Halt auf freier Strecke

Drama, Deutschland 2011, 110 min

Filmtitel und Thema verheißen nichts Gutes, im Gegenteil, die Palette reicht von heiklen Unannehmlichkeiten bis zu völliger Verzweiflung. Franks Zug hält im Niemandsland zwischen Leben und Tod. Das eine ist noch nicht geendet und das andere hat längst begonnen. Der diagnostizierte, bösartige Tumor im Kopf des Familienvaters wäre wohl (abgesehen vom Tod) das schlimmste zu erwartende Übel auf der Leinwand…, stünde nicht Andreas Dresens Name auf dem Filmplakat und damit seine zur atemberaubenden Perfektion geronnene Kunst des Doku-Dramas.

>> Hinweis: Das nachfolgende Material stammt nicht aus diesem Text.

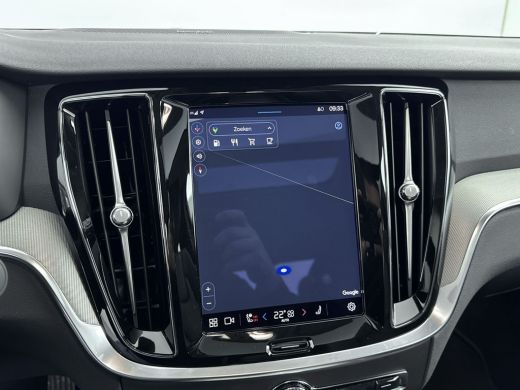 Volvo  S60 Volvo B4 PLUS DARK | PANORAMADAK | MEMORY | LEDER | HARMAN KARDON | GETINT GLAS ActivLease financial lease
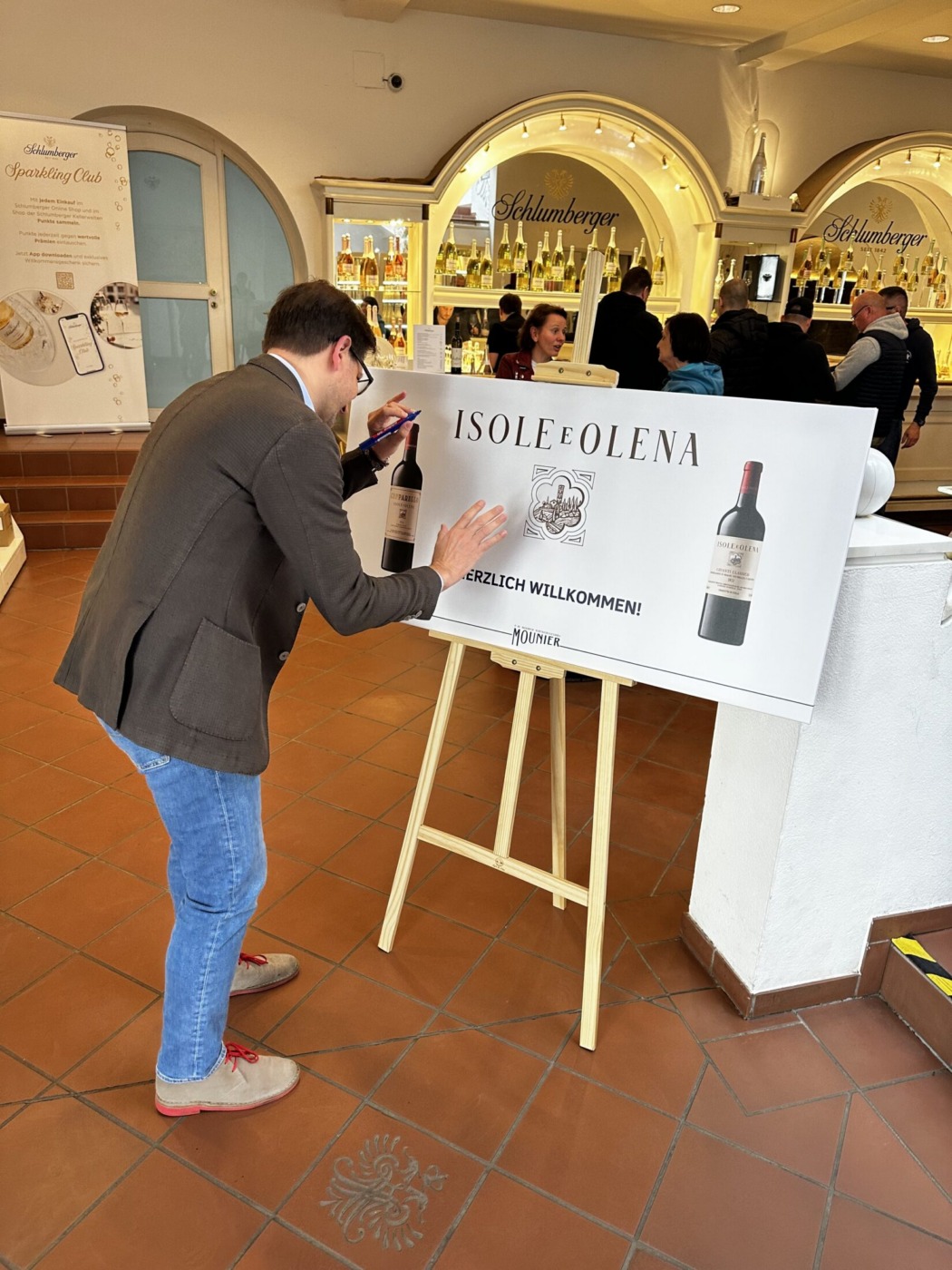 Emanuele Reolon beim signieren der Willkommenstafel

Dresens aktuelles Thema: die Entmündigung eines erwachsenen Menschen durch eine Handvoll Glio-Blastom-Gewebe. Feindliche Übernahme, sozusagen, bei vollem Bewusstsein. Milan Peschels Frank hockt irgendwo auf der halben Treppe seines Lebens und ringt um Fassung. Im Sprechzimmer des behandelnden (echten!) Arztes, eines Amateurs sozusagen, sitzt er mit Steffi Kühnert als Ehefrau Simone wie zur Urteilsverkündung, und kann nicht verbergen, dass ihm der Arsch mehr und mehr auf Grundeis geht. Verblüfft stellt Frank in den darauf folgenden Tagen fest, dass ihm nicht einmal mehr alltäglichste Verrichtungen ohne emotionale Entgleisungen gelingen. Als hätte ihm einer bei voller Fahrt die Zügel aus der Hand genommen. Gerade das tägliche familiäre Ein und Aus, Andreas Dresens liebstes Schlachtfeld, wird dabei massiv angegriffen. Und das nervt. Beklommen versucht hier jeder den Fakt zu überspielen, dass die Fähigkeit zur Sterbefürsorge in der modernen Familie nahezu verkümmert ist. Die Tatsache, dass der Sterbende nunmehr angewiesen ist auf den Gnadenstoß von innen, dieser permanente Schwebezustand, ist die perfekte Versuchsanordnung für einen „echten Dresen“.